Raw Material is an ongoing exploration of geology in terms of material and processes. Our studio and workshop are based in the desert plains of western India. The hills surrounding the region are diverse in hue, density and opacity. Set deep within a stark terrain, the aim is to express an experience of being immersed in this landscape of a singular material.
We began this process with exploring materiality in relation to socio economic forces that guide its abundance, scarcity and wastage, leading us to understand the inherent paradoxes and perceptions that exist around marble.
The quarried marble block is dressed in a rectangular form to be cut into slices. These irregular blocks are usually the size of a room. These slices are typically used as slabs for flooring and wall-cladding. During this process, a lot of offcuts are thrown aside, with little or no value. These offcuts of marble formed the starting point for our tables. Most of these final forms are dictated by the size and shapes of the pieces we find. Apart from the size limitation, traditionally, the stones are preferred to be devoid of spots and blemishes. Even the patterns occurring in the stone are usable only if they are symmetrical for their commercial use. When we saw piles of discarded offcuts, we discovered a quarry of our own with the most beautiful patterns and spots.

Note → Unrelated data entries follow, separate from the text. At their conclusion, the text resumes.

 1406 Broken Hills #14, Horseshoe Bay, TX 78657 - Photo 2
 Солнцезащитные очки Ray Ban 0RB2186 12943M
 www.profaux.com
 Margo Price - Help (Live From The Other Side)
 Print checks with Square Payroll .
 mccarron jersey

Inspired by this undiluted beauty of the material and its sometimes wasteful abundance, we delved into refining wasted forms of stone to make assemblage studies. Contrasting geometries here explore tension between landscape and industry highlighting the quiet mechanism of joinery based on weight and gravity.

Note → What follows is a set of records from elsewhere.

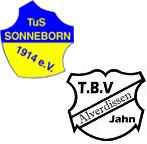 Wappen SG Sonneborn/Alverdissen II (Ground A)  60331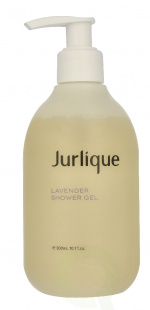 Jurlique Calming Lavender Shower Gel 300 ml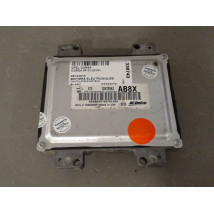 CALCULATEUR MOTEUR OPEL CORSA 2010-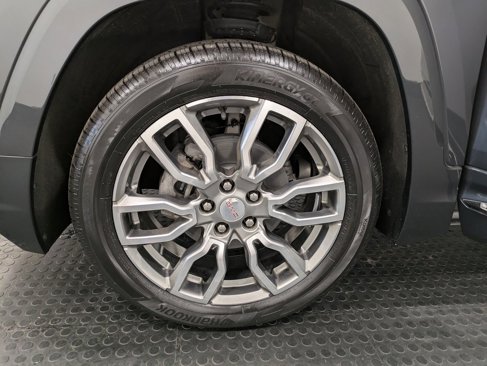 Used 2022 GMC Terrain Denali w/ LPO, Floor Liner Package image 7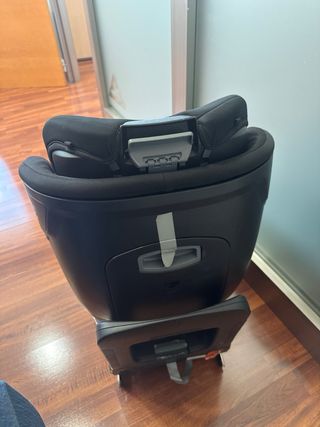 Silla de coche Britax Römer
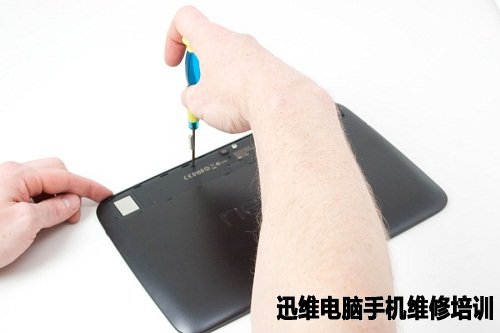 内部做工揭秘：Google Nexus 10拆解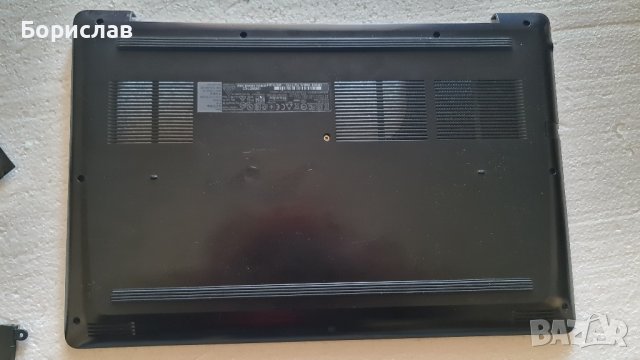dell g3 на части , снимка 4 - Лаптопи за игри - 44112903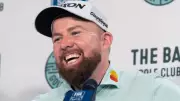 Shane Lowry's Journey: From Irish Open Amateur to Major Champion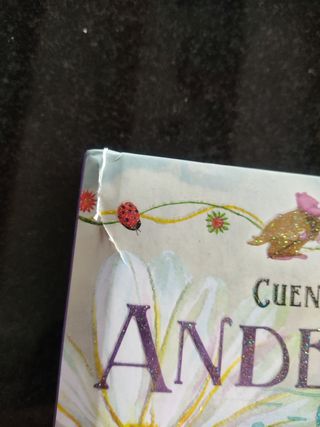 Lote libros + 5 años
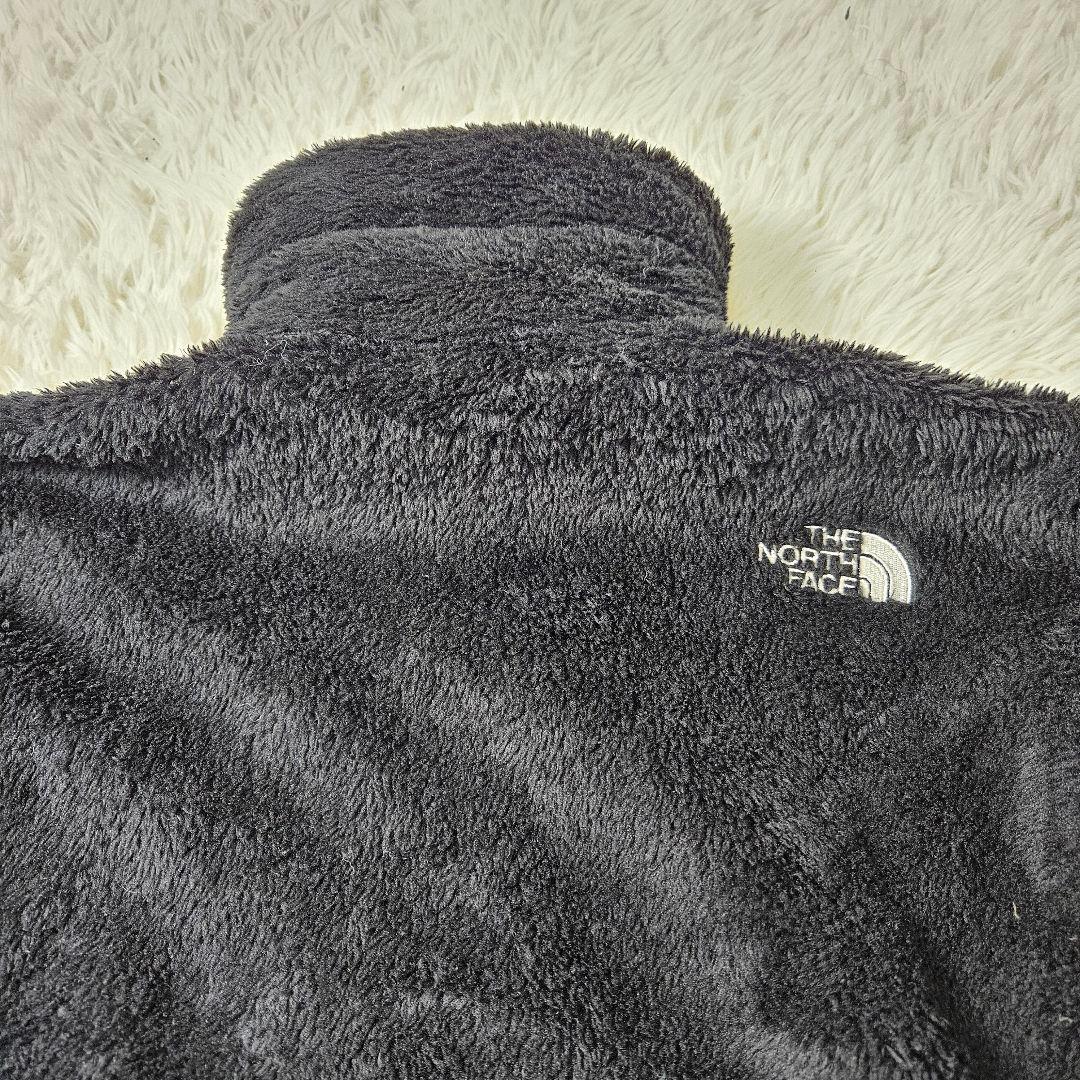 THE NORTH FACE バーサロフトジャケット ハイネックフリース　S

The craft techniques in India are mostly studied from an exotic lens of decorative ornamentation. The marble craft is not just about the decoration but the building techniques used to build the temples and architectural monuments. We wanted to explore these alternate aspects of craft – the structure and mathematics of balance, building techniques on weight and gravity. All our tables use these principles of joinery; they are constructed rather assembled without the use of any adhesives or mortar.